* [YOUR TASK]
Locate the line that contains "EPF8232S_3241947.PDF Datasheet", then copy it and all later lines of the data below exactly, through the last one.

* [INFORMATION PROVIDED]
Segment Open
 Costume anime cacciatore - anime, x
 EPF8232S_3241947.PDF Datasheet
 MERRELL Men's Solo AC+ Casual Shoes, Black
Segment Closed
* [SOLUTION BELOW]
 EPF8232S_3241947.PDF Datasheet
 MERRELL Men's Solo AC+ Casual Shoes, Black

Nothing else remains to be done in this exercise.